Supplied material -
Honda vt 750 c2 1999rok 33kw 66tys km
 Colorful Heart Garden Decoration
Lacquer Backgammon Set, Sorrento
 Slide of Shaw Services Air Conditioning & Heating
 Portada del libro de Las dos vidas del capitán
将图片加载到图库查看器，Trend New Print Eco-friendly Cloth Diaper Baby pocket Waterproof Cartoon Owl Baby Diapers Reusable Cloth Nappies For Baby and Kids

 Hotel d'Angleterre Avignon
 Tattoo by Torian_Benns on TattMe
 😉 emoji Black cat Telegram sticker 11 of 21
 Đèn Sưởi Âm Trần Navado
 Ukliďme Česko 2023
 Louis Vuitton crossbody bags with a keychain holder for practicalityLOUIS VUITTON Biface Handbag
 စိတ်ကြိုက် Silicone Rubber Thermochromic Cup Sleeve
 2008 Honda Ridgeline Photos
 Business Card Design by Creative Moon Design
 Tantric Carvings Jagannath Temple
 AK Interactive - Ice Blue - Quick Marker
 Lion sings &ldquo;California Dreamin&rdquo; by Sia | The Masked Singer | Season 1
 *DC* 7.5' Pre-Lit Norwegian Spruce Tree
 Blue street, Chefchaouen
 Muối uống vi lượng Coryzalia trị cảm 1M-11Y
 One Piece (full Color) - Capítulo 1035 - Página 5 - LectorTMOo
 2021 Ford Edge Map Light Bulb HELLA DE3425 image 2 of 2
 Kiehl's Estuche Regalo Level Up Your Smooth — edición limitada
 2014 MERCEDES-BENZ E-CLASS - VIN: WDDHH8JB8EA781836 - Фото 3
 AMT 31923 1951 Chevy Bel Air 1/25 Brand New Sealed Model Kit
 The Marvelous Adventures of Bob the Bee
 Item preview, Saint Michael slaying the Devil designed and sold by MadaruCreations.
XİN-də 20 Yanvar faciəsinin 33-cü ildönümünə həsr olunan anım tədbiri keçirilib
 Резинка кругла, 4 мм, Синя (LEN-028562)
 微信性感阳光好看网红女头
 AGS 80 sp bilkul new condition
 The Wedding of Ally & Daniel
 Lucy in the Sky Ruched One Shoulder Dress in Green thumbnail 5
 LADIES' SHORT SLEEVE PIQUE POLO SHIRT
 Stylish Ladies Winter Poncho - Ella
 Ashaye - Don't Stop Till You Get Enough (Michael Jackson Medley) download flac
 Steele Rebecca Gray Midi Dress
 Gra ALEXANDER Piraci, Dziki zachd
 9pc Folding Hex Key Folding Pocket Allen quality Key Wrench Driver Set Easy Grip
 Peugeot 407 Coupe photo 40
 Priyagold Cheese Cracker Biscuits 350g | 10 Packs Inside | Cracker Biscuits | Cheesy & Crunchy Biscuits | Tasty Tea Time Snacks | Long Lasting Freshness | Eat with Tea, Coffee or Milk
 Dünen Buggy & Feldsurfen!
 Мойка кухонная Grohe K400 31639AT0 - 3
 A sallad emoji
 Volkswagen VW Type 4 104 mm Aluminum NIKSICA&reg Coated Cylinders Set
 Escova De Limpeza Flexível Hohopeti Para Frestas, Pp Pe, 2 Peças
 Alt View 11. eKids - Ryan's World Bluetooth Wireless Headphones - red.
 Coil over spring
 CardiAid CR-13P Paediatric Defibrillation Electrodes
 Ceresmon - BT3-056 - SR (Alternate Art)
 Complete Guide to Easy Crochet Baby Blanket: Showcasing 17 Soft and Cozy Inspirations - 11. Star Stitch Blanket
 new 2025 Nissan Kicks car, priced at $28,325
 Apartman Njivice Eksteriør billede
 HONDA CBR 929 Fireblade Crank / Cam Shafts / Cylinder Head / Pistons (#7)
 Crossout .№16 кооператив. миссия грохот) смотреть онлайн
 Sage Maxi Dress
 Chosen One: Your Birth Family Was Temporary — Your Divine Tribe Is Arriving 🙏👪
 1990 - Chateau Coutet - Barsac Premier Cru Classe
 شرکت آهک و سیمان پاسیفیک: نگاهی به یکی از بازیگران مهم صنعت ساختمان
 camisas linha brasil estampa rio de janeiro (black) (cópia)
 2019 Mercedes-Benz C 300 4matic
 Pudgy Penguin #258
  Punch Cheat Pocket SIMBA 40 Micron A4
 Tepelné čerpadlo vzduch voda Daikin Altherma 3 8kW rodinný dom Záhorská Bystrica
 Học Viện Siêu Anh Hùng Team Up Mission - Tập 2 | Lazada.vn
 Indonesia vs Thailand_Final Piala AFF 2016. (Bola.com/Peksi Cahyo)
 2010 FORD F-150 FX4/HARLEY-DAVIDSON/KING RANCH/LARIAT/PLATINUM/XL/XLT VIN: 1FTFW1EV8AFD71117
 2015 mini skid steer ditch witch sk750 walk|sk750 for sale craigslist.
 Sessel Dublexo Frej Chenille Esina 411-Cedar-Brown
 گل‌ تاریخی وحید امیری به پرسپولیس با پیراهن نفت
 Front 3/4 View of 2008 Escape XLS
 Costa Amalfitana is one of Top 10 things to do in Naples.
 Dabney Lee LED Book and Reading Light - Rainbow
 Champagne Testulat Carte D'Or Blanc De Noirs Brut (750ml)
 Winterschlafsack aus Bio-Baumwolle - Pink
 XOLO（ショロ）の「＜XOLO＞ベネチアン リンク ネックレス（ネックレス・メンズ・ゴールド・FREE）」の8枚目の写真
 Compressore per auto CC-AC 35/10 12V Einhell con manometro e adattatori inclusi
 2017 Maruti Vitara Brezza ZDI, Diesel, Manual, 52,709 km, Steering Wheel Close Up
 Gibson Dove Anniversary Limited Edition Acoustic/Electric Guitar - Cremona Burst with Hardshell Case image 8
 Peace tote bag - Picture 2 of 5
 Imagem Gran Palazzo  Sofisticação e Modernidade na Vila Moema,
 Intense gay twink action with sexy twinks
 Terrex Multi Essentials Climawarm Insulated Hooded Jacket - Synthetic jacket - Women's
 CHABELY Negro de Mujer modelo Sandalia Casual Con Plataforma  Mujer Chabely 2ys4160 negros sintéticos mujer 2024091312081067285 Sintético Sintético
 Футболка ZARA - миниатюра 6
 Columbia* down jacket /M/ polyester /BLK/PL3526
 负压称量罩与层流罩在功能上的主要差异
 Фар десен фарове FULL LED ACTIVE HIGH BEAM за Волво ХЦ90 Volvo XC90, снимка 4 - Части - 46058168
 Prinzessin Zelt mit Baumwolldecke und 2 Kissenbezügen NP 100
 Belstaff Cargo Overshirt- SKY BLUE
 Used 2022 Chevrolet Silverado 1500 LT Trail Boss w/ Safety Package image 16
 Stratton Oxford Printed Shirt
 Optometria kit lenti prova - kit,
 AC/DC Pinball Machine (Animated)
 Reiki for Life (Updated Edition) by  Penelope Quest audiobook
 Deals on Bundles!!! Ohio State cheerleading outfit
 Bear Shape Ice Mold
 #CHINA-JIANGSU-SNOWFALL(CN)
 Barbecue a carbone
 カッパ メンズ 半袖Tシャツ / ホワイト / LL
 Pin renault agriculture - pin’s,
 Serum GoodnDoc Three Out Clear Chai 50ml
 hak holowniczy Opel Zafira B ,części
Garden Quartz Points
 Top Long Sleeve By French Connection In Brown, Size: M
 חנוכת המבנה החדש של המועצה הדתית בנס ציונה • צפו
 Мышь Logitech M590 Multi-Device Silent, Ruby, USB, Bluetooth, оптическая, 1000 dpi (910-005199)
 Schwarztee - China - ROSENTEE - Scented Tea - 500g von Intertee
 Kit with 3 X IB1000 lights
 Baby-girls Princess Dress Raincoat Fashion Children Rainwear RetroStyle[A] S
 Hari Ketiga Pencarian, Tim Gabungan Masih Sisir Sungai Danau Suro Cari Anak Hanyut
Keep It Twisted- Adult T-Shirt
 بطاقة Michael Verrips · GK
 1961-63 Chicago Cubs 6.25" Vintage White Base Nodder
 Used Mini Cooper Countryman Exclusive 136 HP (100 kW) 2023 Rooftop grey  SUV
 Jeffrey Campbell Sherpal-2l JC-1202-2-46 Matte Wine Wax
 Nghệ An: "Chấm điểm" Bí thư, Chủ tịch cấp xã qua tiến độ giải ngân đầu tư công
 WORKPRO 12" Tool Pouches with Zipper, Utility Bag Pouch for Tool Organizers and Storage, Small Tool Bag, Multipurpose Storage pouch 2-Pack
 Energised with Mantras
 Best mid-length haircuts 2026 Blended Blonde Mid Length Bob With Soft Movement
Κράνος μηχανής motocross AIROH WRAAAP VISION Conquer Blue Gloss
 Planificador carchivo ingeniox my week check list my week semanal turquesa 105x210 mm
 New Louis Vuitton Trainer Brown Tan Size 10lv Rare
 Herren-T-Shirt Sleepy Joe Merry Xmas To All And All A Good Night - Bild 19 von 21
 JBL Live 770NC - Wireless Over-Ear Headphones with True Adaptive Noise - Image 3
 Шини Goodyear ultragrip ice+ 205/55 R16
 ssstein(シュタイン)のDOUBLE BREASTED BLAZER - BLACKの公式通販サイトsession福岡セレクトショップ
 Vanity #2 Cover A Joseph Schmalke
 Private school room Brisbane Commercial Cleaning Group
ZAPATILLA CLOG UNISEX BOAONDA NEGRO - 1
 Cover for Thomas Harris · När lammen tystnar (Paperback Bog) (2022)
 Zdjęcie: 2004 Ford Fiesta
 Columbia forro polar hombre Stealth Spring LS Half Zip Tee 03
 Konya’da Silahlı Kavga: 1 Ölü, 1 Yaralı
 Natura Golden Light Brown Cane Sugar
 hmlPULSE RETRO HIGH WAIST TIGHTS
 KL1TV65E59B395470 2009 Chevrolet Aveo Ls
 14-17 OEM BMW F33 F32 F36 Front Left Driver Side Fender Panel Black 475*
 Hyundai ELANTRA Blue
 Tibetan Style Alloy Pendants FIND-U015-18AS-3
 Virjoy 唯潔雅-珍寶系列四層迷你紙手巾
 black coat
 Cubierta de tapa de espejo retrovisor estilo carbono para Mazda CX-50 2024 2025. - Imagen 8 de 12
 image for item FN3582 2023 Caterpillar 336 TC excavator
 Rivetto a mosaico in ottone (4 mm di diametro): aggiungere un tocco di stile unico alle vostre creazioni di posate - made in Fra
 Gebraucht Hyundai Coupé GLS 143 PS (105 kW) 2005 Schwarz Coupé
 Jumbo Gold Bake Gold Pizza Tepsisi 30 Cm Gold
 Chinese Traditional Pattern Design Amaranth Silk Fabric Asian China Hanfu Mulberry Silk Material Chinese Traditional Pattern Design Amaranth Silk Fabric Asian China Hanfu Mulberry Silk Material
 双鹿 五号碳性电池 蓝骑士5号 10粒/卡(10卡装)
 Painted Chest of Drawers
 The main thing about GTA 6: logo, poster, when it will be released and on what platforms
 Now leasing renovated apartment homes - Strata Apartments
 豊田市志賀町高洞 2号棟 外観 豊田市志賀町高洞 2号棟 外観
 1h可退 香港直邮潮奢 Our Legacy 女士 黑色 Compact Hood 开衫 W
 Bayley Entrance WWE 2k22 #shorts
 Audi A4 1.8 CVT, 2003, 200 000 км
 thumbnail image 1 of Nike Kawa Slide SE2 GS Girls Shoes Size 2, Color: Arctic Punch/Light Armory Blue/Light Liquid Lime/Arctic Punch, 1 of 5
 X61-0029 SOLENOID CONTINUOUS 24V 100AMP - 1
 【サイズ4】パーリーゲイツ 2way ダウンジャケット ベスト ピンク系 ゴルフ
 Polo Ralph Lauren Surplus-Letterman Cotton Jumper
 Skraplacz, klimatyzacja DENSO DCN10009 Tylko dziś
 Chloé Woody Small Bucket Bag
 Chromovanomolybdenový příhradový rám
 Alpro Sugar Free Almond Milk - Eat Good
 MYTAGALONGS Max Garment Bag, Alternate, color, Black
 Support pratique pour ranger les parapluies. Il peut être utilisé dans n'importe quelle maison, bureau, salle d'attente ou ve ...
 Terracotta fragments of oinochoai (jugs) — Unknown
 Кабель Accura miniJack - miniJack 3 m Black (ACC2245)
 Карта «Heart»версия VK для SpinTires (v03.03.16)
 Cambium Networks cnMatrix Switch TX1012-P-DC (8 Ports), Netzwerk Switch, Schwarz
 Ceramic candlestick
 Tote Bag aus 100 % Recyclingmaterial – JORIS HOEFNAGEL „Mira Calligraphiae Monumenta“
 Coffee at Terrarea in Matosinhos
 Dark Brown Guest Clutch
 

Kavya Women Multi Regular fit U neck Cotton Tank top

What you are asked to do -
In the answer, return exactly the lines from the line containing "hmlPULSE RETRO HIGH WAIST TIGHTS" to the end of the records above, and no others.

Exercise answer -
 hmlPULSE RETRO HIGH WAIST TIGHTS
 KL1TV65E59B395470 2009 Chevrolet Aveo Ls
 14-17 OEM BMW F33 F32 F36 Front Left Driver Side Fender Panel Black 475*
 Hyundai ELANTRA Blue
 Tibetan Style Alloy Pendants FIND-U015-18AS-3
 Virjoy 唯潔雅-珍寶系列四層迷你紙手巾
 black coat
 Cubierta de tapa de espejo retrovisor estilo carbono para Mazda CX-50 2024 2025. - Imagen 8 de 12
 image for item FN3582 2023 Caterpillar 336 TC excavator
 Rivetto a mosaico in ottone (4 mm di diametro): aggiungere un tocco di stile unico alle vostre creazioni di posate - made in Fra
 Gebraucht Hyundai Coupé GLS 143 PS (105 kW) 2005 Schwarz Coupé
 Jumbo Gold Bake Gold Pizza Tepsisi 30 Cm Gold
 Chinese Traditional Pattern Design Amaranth Silk Fabric Asian China Hanfu Mulberry Silk Material Chinese Traditional Pattern Design Amaranth Silk Fabric Asian China Hanfu Mulberry Silk Material
 双鹿 五号碳性电池 蓝骑士5号 10粒/卡(10卡装)
 Painted Chest of Drawers
 The main thing about GTA 6: logo, poster, when it will be released and on what platforms
 Now leasing renovated apartment homes - Strata Apartments
 豊田市志賀町高洞 2号棟 外観 豊田市志賀町高洞 2号棟 外観
 1h可退 香港直邮潮奢 Our Legacy 女士 黑色 Compact Hood 开衫 W
 Bayley Entrance WWE 2k22 #shorts
 Audi A4 1.8 CVT, 2003, 200 000 км
 thumbnail image 1 of Nike Kawa Slide SE2 GS Girls Shoes Size 2, Color: Arctic Punch/Light Armory Blue/Light Liquid Lime/Arctic Punch, 1 of 5
 X61-0029 SOLENOID CONTINUOUS 24V 100AMP - 1
 【サイズ4】パーリーゲイツ 2way ダウンジャケット ベスト ピンク系 ゴルフ
 Polo Ralph Lauren Surplus-Letterman Cotton Jumper
 Skraplacz, klimatyzacja DENSO DCN10009 Tylko dziś
 Chloé Woody Small Bucket Bag
 Chromovanomolybdenový příhradový rám
 Alpro Sugar Free Almond Milk - Eat Good
 MYTAGALONGS Max Garment Bag, Alternate, color, Black
 Support pratique pour ranger les parapluies. Il peut être utilisé dans n'importe quelle maison, bureau, salle d'attente ou ve ...
 Terracotta fragments of oinochoai (jugs) — Unknown
 Кабель Accura miniJack - miniJack 3 m Black (ACC2245)
 Карта «Heart»версия VK для SpinTires (v03.03.16)
 Cambium Networks cnMatrix Switch TX1012-P-DC (8 Ports), Netzwerk Switch, Schwarz
 Ceramic candlestick
 Tote Bag aus 100 % Recyclingmaterial – JORIS HOEFNAGEL „Mira Calligraphiae Monumenta“
 Coffee at Terrarea in Matosinhos
 Dark Brown Guest Clutch
 

Kavya Women Multi Regular fit U neck Cotton Tank top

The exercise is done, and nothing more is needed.